We proposed that iKIRs enhancement of CD8 + T cell survival is a plausible mechanism that can explain this iKIR effect on HLA class I associations. This hypothesis stems from ours and others’ experimental studies on T cells, where iKIR ligation is associated with increased T cell survival either via a direct or indirect pathway (see “Direct pathways” and “Indirect pathways” sections) (Boelen et al. 2018; Ugolini et al. 2001). Although it is difficult to imagine how increased survival can enhance both protective (HLA-B*57) and detrimental (HLA-B*35Px) associations, using mathematical modelling we showed that if T cell lifespan is very short (low number of functional iKIRs), then the effect of protective, detrimental and average HLA class I alleles is indistinguishable; individuals have similar viral loads irrespective of their HLA class I genotype. That is, if we stratified a cohort and looked just at people with a low number of functional iKIRs, then the viral load would be independent of HLA genotype and HLA disease associations would be weak or absent. However, if T cell lifespan increases i.e. in individuals carrying a high number of iKIRs, the quality of the T cell response now becomes much more important and significant differences in viral load emerge between carriers of protective, detrimental and average HLA alleles. In an immunogenetic analysis, this is observed as strong detrimental and protective HLA associations. That is the strength of both protective and detrimental associations would be higher in people with a high iKIR score than in people with a low iKIR score. Although the model does not prove the hypothesis, it does provide a plausible explanation for our seemingly contradictory immunogenetic results.
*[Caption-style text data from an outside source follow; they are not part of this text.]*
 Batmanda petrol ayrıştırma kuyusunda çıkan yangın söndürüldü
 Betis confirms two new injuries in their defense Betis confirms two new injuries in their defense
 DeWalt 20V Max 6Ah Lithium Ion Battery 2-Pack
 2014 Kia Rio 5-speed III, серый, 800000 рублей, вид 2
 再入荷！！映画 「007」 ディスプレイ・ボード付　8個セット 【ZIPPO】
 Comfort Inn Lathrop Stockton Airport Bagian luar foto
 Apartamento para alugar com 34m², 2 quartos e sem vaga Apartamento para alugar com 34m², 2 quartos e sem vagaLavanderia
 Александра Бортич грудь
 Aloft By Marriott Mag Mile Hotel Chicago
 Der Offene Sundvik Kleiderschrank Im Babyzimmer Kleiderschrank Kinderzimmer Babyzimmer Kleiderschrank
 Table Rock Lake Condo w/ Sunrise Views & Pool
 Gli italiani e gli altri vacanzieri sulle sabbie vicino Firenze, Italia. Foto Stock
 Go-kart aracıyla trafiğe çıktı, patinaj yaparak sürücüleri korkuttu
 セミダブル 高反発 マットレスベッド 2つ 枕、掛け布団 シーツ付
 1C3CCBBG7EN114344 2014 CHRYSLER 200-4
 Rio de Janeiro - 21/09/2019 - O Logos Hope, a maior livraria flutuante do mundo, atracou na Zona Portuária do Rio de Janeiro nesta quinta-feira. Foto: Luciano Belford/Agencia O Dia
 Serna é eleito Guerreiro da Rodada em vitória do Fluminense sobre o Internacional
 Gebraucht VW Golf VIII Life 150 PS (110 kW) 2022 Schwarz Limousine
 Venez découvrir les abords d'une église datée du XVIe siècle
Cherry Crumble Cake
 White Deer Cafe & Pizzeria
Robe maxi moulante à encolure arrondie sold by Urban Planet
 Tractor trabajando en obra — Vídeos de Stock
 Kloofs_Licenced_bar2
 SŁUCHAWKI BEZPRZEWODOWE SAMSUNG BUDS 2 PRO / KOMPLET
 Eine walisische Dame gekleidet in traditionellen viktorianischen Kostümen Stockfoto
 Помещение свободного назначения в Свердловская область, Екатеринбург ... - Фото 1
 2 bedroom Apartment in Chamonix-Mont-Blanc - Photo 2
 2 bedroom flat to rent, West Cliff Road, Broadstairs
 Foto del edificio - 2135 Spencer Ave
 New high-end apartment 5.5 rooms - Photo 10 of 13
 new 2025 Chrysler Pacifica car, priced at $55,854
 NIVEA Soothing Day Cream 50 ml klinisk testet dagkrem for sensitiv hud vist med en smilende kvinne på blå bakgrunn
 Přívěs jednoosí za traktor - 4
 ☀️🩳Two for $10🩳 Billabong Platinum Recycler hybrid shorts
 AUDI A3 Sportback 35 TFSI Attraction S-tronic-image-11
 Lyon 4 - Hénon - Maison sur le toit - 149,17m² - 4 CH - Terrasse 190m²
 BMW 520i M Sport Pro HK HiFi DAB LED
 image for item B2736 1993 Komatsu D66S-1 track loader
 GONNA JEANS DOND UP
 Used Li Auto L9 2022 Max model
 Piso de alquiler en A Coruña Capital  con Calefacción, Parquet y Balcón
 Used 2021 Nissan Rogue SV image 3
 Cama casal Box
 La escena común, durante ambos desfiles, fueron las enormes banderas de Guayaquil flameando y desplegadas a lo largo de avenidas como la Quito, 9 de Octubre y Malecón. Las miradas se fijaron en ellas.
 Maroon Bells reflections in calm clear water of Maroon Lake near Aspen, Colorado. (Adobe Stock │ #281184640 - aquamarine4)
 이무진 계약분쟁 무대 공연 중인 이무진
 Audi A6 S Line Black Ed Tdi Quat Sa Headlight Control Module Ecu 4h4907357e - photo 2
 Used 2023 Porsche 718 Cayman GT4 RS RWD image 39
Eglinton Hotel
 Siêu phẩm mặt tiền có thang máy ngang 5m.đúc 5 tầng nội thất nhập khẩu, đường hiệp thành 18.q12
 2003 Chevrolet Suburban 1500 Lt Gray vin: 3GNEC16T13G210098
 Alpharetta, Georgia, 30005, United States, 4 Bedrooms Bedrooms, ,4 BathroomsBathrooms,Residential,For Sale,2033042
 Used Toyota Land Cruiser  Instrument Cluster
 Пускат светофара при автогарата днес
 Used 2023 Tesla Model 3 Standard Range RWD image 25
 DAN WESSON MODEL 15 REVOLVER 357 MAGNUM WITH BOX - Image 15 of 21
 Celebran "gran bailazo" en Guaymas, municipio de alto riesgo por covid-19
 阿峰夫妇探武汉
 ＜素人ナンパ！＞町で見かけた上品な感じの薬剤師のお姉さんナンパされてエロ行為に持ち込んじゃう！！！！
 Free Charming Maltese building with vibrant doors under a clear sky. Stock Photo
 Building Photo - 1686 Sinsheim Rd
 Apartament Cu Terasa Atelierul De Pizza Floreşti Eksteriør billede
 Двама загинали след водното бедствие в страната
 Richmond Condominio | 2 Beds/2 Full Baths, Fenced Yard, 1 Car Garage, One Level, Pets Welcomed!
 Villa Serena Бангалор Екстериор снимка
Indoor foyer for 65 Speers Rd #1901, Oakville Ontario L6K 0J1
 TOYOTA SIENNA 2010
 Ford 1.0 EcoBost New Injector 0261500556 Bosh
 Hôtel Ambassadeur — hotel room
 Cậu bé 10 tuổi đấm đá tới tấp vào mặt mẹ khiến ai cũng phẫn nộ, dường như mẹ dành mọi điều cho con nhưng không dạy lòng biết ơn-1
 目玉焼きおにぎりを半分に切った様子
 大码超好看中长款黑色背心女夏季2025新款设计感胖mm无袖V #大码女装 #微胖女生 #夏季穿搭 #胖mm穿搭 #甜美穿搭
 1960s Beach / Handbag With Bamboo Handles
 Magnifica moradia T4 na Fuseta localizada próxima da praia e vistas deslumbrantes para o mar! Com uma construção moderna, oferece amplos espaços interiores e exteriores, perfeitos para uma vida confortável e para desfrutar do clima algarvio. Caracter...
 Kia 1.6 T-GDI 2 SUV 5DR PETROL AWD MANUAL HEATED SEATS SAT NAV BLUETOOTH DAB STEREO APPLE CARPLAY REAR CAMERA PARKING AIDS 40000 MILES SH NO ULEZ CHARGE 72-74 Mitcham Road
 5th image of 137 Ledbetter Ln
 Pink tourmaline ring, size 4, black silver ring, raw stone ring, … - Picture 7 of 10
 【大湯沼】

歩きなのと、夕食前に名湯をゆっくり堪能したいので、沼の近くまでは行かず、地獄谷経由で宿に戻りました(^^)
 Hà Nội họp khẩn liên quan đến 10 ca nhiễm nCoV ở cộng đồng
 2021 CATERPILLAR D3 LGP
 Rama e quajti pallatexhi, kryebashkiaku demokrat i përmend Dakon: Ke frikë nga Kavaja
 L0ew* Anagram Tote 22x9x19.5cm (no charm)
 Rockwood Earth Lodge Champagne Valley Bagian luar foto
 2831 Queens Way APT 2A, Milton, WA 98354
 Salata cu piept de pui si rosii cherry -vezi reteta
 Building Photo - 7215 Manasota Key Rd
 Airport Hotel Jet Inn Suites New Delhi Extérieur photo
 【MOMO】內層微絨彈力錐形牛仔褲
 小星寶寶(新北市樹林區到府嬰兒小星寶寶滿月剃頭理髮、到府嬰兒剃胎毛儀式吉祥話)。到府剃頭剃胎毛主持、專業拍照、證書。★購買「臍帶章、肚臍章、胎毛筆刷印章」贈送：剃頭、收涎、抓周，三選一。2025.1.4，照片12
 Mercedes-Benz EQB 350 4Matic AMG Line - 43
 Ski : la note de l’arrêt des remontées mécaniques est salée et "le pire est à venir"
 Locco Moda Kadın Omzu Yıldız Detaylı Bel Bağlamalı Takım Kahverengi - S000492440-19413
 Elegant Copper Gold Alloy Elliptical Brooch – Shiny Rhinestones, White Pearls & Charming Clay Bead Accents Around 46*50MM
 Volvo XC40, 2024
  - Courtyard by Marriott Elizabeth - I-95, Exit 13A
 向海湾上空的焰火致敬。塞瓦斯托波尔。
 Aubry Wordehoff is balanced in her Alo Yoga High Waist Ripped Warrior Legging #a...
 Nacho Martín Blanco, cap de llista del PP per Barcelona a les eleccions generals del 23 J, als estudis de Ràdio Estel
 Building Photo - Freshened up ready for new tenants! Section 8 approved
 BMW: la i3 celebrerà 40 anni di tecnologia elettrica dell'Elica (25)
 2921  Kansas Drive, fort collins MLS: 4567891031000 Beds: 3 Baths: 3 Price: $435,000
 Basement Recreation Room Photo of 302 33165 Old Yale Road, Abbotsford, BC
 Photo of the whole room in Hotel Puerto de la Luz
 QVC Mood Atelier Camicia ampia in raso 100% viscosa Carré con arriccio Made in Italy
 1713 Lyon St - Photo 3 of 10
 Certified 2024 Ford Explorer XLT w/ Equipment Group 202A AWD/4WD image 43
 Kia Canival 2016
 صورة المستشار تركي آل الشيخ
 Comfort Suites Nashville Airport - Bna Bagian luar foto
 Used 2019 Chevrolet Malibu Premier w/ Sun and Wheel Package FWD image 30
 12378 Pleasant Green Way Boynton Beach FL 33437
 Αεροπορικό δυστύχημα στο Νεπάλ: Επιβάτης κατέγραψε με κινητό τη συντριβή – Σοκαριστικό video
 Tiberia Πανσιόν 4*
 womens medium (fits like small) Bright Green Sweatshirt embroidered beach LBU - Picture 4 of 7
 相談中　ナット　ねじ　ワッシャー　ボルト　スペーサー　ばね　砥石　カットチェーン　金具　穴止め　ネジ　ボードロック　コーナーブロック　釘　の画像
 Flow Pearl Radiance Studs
Although this immunogenetic analysis suggests that iKIRs have a clinically significant impact on T cell responses, it does not distinguish between the direct and the indirect pathways: both are consistent with the data. The only hint is given by the size of the clinical effect compared to the size of the KIR+ T cell population: it is perhaps difficult to imagine how the increase in survival of such a small population of KIR+ T cells can underlie such profound clinical effects, and for this reason, the data are arguably more aligned with the indirect pathway.

Conclusions

Functional iKIR genes enhance HLA class I disease associations in three different chronic viral infections. In contrast to many reported iKIR-disease associations, these observations applied to all iKIR genes and to all the three viral infections studied. This suggests the existence of a clinically significant checkpoint regulator of T cell responses. Our hypothesis is that the iKIR-HLA receptor-ligand system enhances T cell survival. Enhanced T cell lifespan might be desirable in the context of chronic antigen stimulation to avoid exhaustion and cell death but increased T cell survival might also promote autoreactive T cell responses and worsen autoimmunity. Although some T cells express KIRs, and this may directly affect the T cell’s lifespan (Fig. 1A) perhaps a more plausible explanation is modulation by another KIR expressing immune effector (most likely NK cells but also potentially another T cell subpopulation, Fig. 1B). A number of regulatory mechanisms by which innate cytotoxic effectors affect adaptive responses have been described though the role of iKIRs in these interactions has generally not been investigated. The combination of both mathematical models and experimental data will help to investigate the underlying mechanisms behind our immunogenetic findings.